ACTIVITY
Your job is to set down the stretch of entries that opens with the line containing "浙江省杭州市林业调查资质丙级业务,林业调查丙级的业务范围" and closes with the line containing "Kaybolan Sesler; Dünya". Keep both end lines, copy each exactly, and add nothing.

SUPPLIED DATA
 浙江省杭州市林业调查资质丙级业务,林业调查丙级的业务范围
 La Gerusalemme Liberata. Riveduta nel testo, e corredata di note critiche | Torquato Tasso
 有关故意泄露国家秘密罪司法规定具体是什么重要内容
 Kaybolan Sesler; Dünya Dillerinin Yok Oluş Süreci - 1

* * *

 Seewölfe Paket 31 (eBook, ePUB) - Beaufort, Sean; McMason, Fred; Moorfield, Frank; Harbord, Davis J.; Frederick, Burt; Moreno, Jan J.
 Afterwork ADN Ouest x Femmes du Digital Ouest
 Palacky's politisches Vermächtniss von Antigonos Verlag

* * *

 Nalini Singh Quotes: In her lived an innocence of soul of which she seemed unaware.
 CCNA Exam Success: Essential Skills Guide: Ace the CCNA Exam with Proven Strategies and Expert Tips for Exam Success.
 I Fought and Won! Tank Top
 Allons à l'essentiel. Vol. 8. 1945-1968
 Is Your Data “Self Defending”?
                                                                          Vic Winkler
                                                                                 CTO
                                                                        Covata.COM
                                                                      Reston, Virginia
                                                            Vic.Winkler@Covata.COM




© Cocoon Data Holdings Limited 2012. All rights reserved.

OUTPUT FOR THIS EXERCISE
 浙江省杭州市林业调查资质丙级业务,林业调查丙级的业务范围
 La Gerusalemme Liberata. Riveduta nel testo, e corredata di note critiche | Torquato Tasso
 有关故意泄露国家秘密罪司法规定具体是什么重要内容
 Kaybolan Sesler; Dünya Dillerinin Yok Oluş Süreci - 1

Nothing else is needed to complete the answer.